Give me down to there hair
Shoulder length or longer hair
Here baby, there mama
Everywhere daddy daddy

Hair, hair, hair, hair
Grow it, show it
Long as I can grow it
My hair

I let it fly in the breeze
And get caught in the trees
Give a home for the fleas in my hair
A home for fleas
A hive for the buzzin' bees
A nest for birds
There ain't no words
For the beauty, the splendor, the wonder
Of my...

Hair, hair, hair, hair,
Grow it, show it
Long as I can grow it
My hair

--Hair; Hair the Musical

From the first time I saw the Beatles on Ed Sullivan in 1964, I pretty much knew I was going to grow my hair long. And by today's standards, the Beatle's hair wasn't really that long.
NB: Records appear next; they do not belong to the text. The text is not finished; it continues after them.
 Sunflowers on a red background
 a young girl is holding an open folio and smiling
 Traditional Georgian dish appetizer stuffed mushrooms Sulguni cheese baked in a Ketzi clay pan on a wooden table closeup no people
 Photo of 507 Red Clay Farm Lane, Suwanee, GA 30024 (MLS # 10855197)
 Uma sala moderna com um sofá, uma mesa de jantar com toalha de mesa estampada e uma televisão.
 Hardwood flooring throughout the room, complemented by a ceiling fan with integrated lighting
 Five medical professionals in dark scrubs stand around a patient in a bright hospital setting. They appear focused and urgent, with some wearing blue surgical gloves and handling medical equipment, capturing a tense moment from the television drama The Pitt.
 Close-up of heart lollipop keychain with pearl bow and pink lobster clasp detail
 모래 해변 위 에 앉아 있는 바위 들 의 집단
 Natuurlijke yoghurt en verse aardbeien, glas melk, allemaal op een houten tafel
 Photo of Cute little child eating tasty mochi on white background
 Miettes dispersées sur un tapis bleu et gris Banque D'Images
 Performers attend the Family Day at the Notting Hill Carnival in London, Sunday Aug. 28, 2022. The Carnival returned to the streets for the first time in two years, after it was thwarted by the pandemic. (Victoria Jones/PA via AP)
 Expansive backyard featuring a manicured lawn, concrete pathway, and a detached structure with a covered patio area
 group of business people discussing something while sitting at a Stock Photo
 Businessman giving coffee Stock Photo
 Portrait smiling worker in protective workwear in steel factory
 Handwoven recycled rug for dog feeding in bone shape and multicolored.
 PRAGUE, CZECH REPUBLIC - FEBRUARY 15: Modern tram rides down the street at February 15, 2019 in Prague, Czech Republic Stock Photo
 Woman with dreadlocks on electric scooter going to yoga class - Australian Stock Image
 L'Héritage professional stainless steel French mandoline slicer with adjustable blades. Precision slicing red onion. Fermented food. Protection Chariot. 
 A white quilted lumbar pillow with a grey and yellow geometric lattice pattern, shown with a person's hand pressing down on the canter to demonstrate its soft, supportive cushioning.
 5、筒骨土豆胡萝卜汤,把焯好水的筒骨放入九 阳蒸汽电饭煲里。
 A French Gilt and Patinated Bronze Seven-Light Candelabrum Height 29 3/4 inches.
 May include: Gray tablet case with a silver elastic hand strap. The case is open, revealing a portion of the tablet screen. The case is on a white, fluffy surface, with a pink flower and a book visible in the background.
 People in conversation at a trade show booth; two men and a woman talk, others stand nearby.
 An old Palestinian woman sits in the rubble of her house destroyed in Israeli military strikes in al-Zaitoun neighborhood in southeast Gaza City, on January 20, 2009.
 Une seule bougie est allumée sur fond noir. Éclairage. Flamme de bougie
But by the late 50s and early 60s standards they were scandalously shaggy.

Maybe it was also my own backlash reaction to my mother's do-it-at-home haircuts that inevitably led to me wanting my hair long. And perhaps my mother was tired of trying to even up her slips of the clippers. So my hair grew. I remember my Aunt Erma teasing me unmercifully about it, asking, "Who is this pretty little girl?"

That just strengthened my resolve. I spent most of my youth, adolescence and young adulthood with fairly long hair. At one point in the 90s, I am ashamed to say, I even had a ponytail.

With 50 less than a month away, I keep my hair (grateful that I've kept my hair) respectfully short. I do not want to be one of those middle-aged men who tries to hide from Father Time in the fashions of his youth. I don't wear my ear rings anymore, either. My tattoo is my only concession to rebellion. But I got that when I was 45, so I figure it is exempt from the stigma of a aging man not accepting his fate gracefully.

But part of me misses my flowing locks. I miss my face framed by free range hair. I miss bandanas and headbands. I even miss the constant brushing the hair out of my face. Maybe it is the silver that has strangled the once brown strands and feeds the longing. Or maybe it is the Samson in me longing for that symbol of strength that maturity has robbed from me.

Who knows? Someday, maybe when I'm staring at 60 and more aged than middle aged I'll let the hair grow again (provided I am still blessed with it). Cause no matter how you cut it, there really ain't no words for the beauty, the splendor and the wonder of my hair.

5 comments:

Blazngfyre said...

I'll be 40 in 6 months and my hair is down to my waist.
It has never been this long in my life, and I LOVE IT!

I say .... GROW IT! :D

Tim ID said...

Blazngfyre,
Hair today, gone tomorrow. :)

R. said...

As my hair gets thinner on top I notice that things are growing quite well closer to the ground.

Fortunately, I don't wear shorts. I hope not to need them at some point. With luck, any indecency will be fully obscured from public notice and I can stroll around as God intended without harassment or sunburn.

Tim ID said...

R.
TMI

Mikey said...

There was a time when my hair was past my shoulders. But the more it thinned on top, the stupider it began to look. Is there anything sadder than a bald man with a pony tail?
Someone once said "I'm not getting older, I'm getting better". To whoever said that I say... lick me.
Betty Davis said it best when she said "Getting old ain't for sissies".
Amen to that, sister. And I miss my hair.